What you will do
The reply should hold every line of the listing exactly, and none of its images.

Data to examine
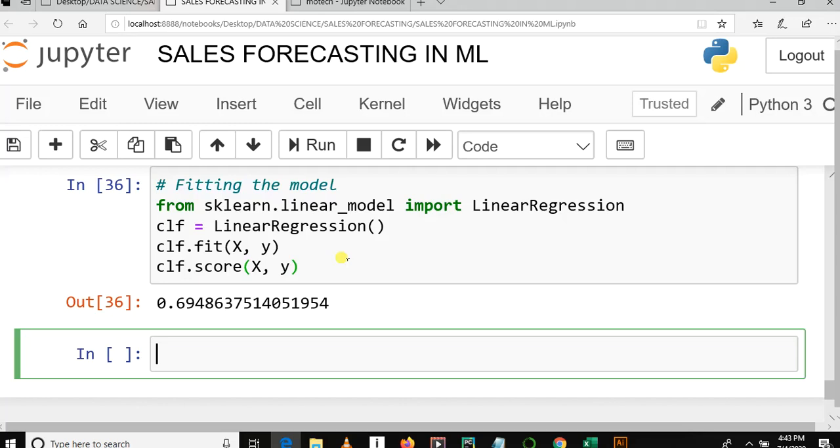This is the end of this tutorial. Our main task was just to train Linear Regression and print out its performance, which is 69%. Thanks for watching. In the next tutorial, we'll learn how to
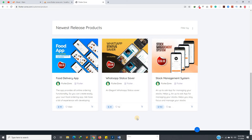From 15th July I'll be releasing new videos for all the series — the animation series, the food delivery series, the Flutter widgets series, and also Flutter UI challenges. So we'll have four different series, and I'll be updating them regularly from 15th July.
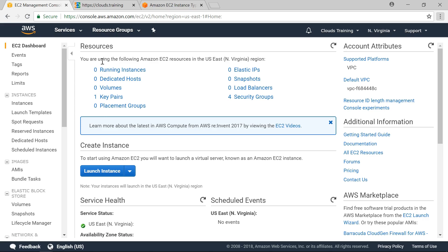The important point here is if you read this text, you are using the following Amazon EC2 resources in US East region. EC2 is region specific. Unlike IAM which is global, EC2 is region specific.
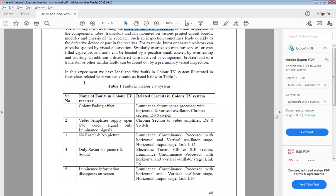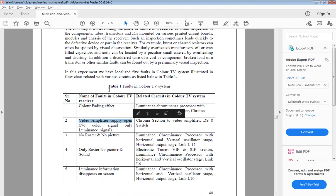The common faults that occur in a TV receiver include: color feeding fault, video amplifier supply open. The RGB matrix in the block diagram outputs red, green, and blue colors. The signal from the RGB matrix directly gives you the picture — the red, green, and blue color signals are each amplified to produce the final image.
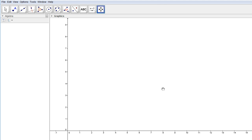This is going to be a quick video showing how to do inverse functions on GeoGebra. Let's start with a basic power function. Let's do y equals x squared, but only the right half of the equation — no negative values. I'm going to do it using the if statement.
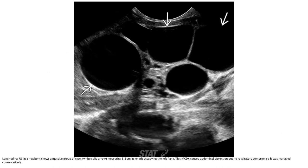Ultrasound in the newborn shows a massive group of cysts measuring 8.8 cm in length occupying the left flank. This multi-cystic dysplastic kidney caused abdominal distension but no respiratory compromise; the patient was managed conservatively.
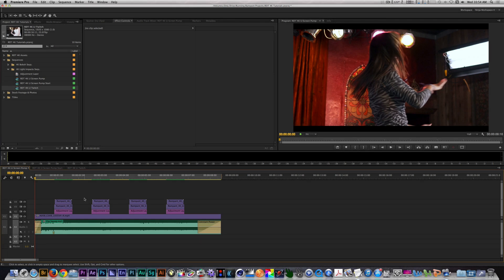Hey, what's up? This is the NLE Ninja with Rampant Design Tools. In this edition of Running Rampant, I will show you how to use StudioLite Impacts.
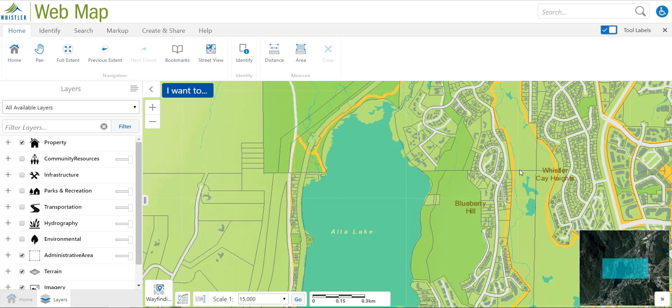So that's it for some of the basic functionalities of the new GIS web map viewer available for the Resort Municipality of Whistler. Thank you for watching.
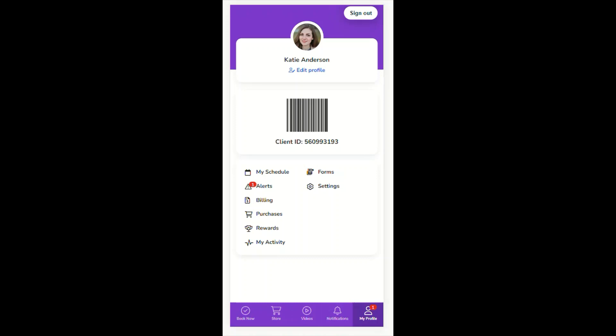The My Profile tab will include the client's profile picture or a placeholder, and the ability for a client to edit their profile. If the client has a client ID, the ID and the barcode will show up in this tab. This allows clients to easily scan into businesses that utilize barcode scanners.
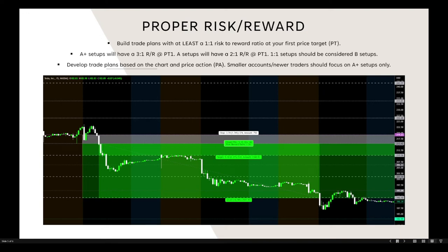Now let's talk about proper risk/reward and trade planning. Using a Tesla trade plan I developed for Xtrades members during a morning podcast: we were looking to take puts on a break below $215.42 support, with price targets at $210.36, $201.14, and $192.10, and a stop-loss/average-down level at $219.23. Whether shorting shares or playing options, we want to ensure proper risk/reward by measuring the distance from entry to first price target versus entry to stop loss.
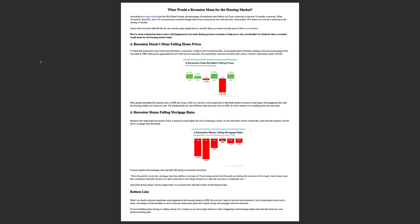You can look at the recent survey from the Wall Street Journal, where the percentage of economists who believe we'll see a recession in the next 12 months is growing. That's why I wanted to put this out here for you so that you could see it, see the graphics.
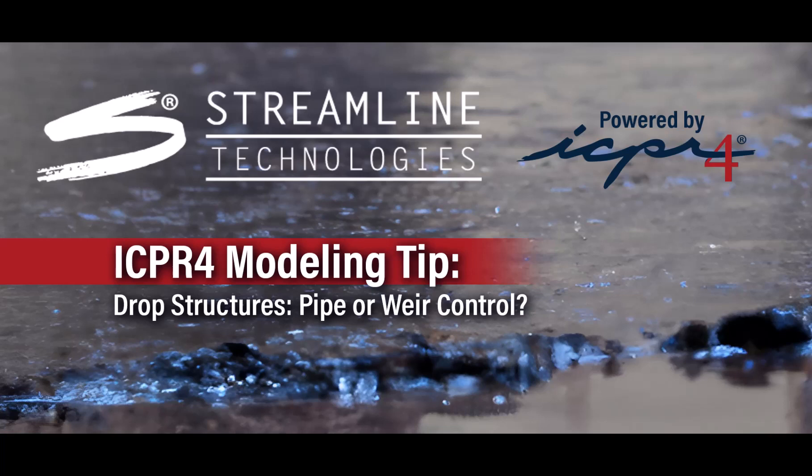In this video, let's modify a drop structure design and check results to see if it's in pipe control or weir control.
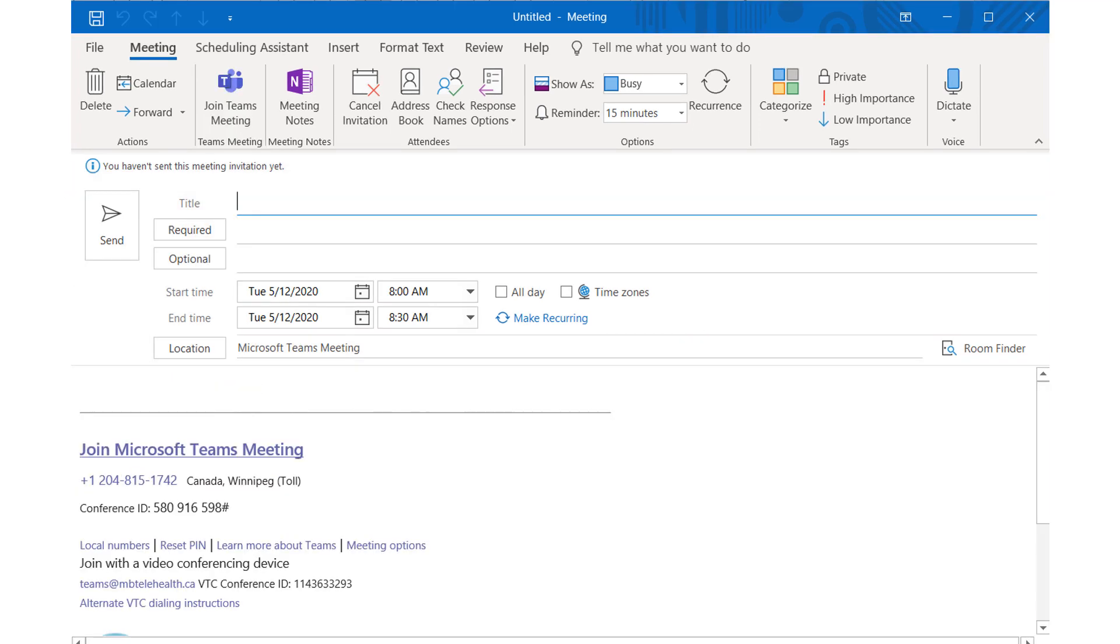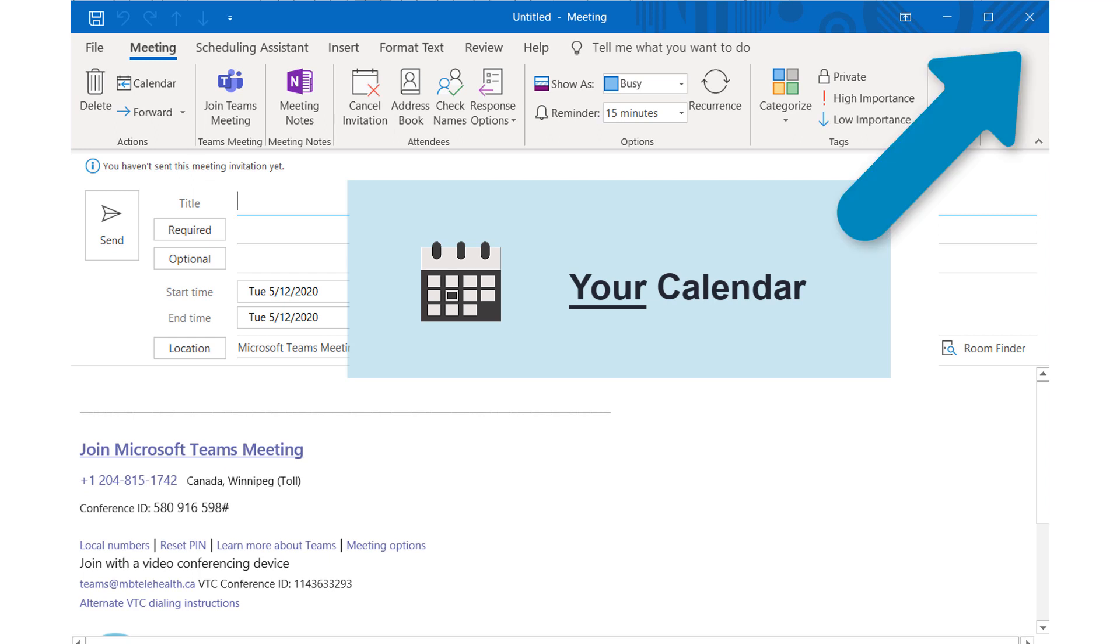Now you can close the window on your own calendar. You only needed that to create the meeting link.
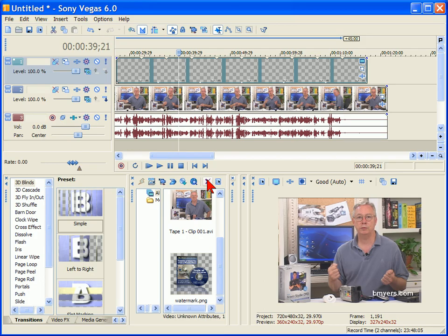Anyway, it's that easy to add a watermark in Sony Vegas or Sony Movie Studio. I'm Bill Myers. This has been another one of my Video Tips of the Week. You can find more like this at www.bmyers.com.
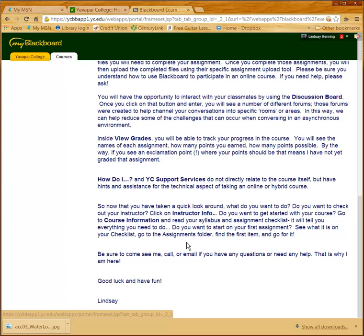Do you want to find out more about your instructor? Click here. Do you want to find out about your assignments? Go here. And then as always, I close with: 'Please email me, call, contact me if you have any questions or need any help.' This is how I meet the QM Standard 1.1 — instructions make clear how to get started and where to find various course components. Thanks for listening.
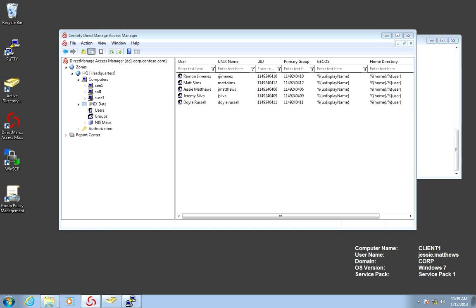In this lab, we will continue to explore the topics around network file sharing and Centrify integration.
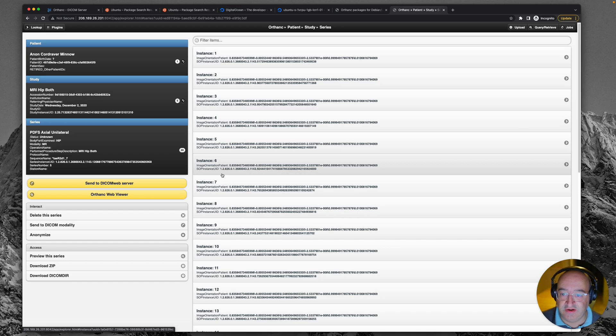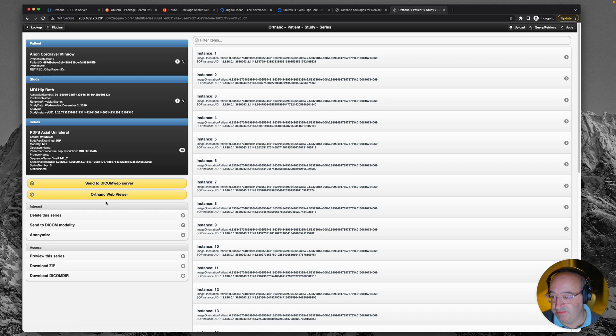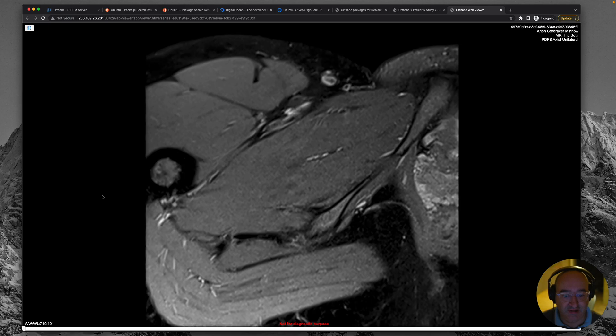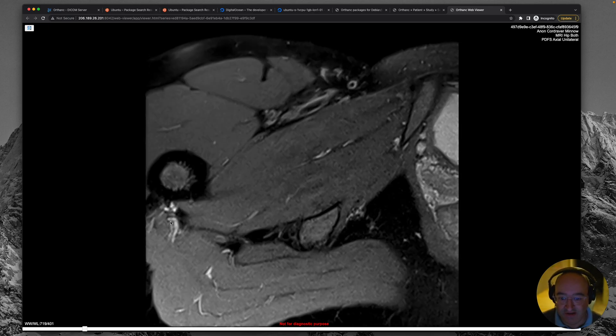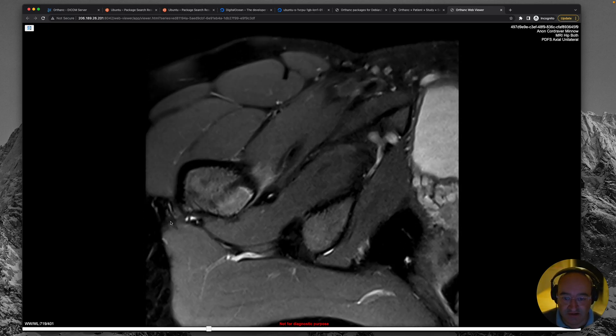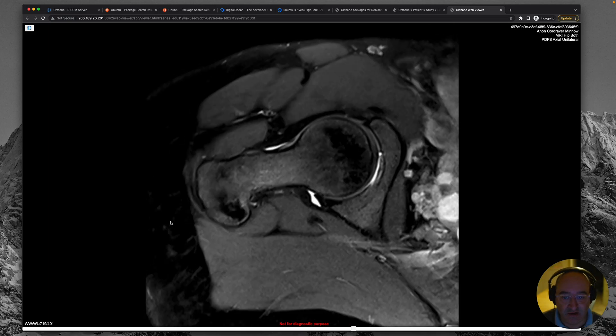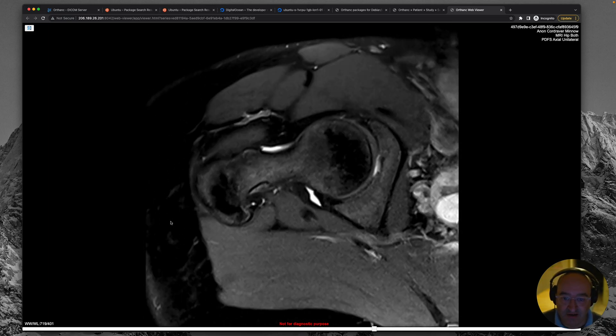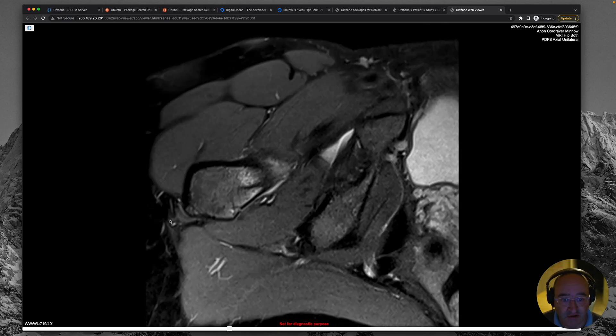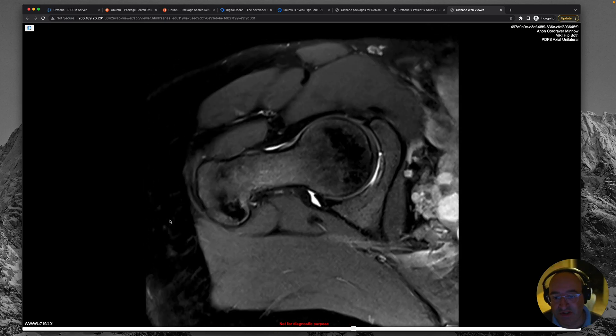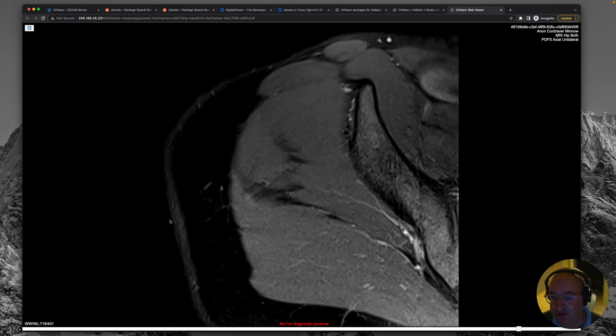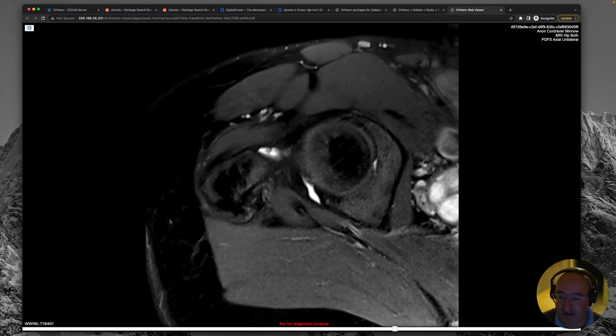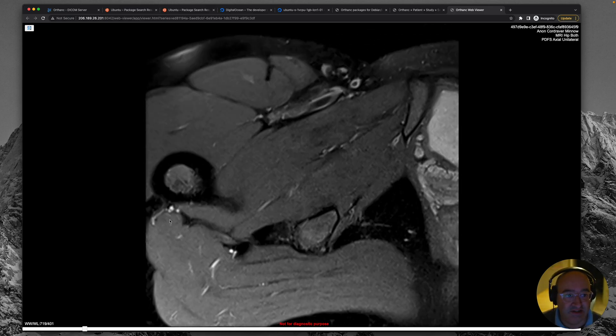Okay. I see you have to go into a series before it lets you view. And now that's given us an option to Orthanc web viewer. Oh my word. Look at that. It's like magic. Look at that. So I'm viewing some MR images of a hip on my own personal PAC server that we've just set up. And isn't that like magic? Fantastic.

Response to the task
This is the end of this tutorial. Our main task was just to train Linear Regression and print out its performance, which is 69%. Thanks for watching. In the next tutorial, we'll learn how to
From 15th July I'll be releasing new videos for all the series — the animation series, the food delivery series, the Flutter widgets series, and also Flutter UI challenges. So we'll have four different series, and I'll be updating them regularly from 15th July.
The important point here is if you read this text, you are using the following Amazon EC2 resources in US East region. EC2 is region specific. Unlike IAM which is global, EC2 is region specific.
The common faults that occur in a TV receiver include: color feeding fault, video amplifier supply open. The RGB matrix in the block diagram outputs red, green, and blue colors. The signal from the RGB matrix directly gives you the picture — the red, green, and blue color signals are each amplified to produce the final image.
This is going to be a quick video showing how to do inverse functions on GeoGebra. Let's start with a basic power function. Let's do y equals x squared, but only the right half of the equation — no negative values. I'm going to do it using the if statement.
Ultrasound in the newborn shows a massive group of cysts measuring 8.8 cm in length occupying the left flank. This multi-cystic dysplastic kidney caused abdominal distension but no respiratory compromise; the patient was managed conservatively.
Hey, what's up? This is the NLE Ninja with Rampant Design Tools. In this edition of Running Rampant, I will show you how to use StudioLite Impacts.
So that's it for some of the basic functionalities of the new GIS web map viewer available for the Resort Municipality of Whistler. Thank you for watching.
The My Profile tab will include the client's profile picture or a placeholder, and the ability for a client to edit their profile. If the client has a client ID, the ID and the barcode will show up in this tab. This allows clients to easily scan into businesses that utilize barcode scanners.
Now let's talk about proper risk/reward and trade planning. Using a Tesla trade plan I developed for Xtrades members during a morning podcast: we were looking to take puts on a break below $215.42 support, with price targets at $210.36, $201.14, and $192.10, and a stop-loss/average-down level at $219.23. Whether shorting shares or playing options, we want to ensure proper risk/reward by measuring the distance from entry to first price target versus entry to stop loss.
You can look at the recent survey from the Wall Street Journal, where the percentage of economists who believe we'll see a recession in the next 12 months is growing. That's why I wanted to put this out here for you so that you could see it, see the graphics.
In this video, let's modify a drop structure design and check results to see if it's in pipe control or weir control.
Now you can close the window on your own calendar. You only needed that to create the meeting link.
Anyway, it's that easy to add a watermark in Sony Vegas or Sony Movie Studio. I'm Bill Myers. This has been another one of my Video Tips of the Week. You can find more like this at www.bmyers.com.
Do you want to find out more about your instructor? Click here. Do you want to find out about your assignments? Go here. And then as always, I close with: 'Please email me, call, contact me if you have any questions or need any help.' This is how I meet the QM Standard 1.1 — instructions make clear how to get started and where to find various course components. Thanks for listening.
In this lab, we will continue to explore the topics around network file sharing and Centrify integration.
Okay. I see you have to go into a series before it lets you view. And now that's given us an option to Orthanc web viewer. Oh my word. Look at that. It's like magic. Look at that. So I'm viewing some MR images of a hip on my own personal PAC server that we've just set up. And isn't that like magic? Fantastic.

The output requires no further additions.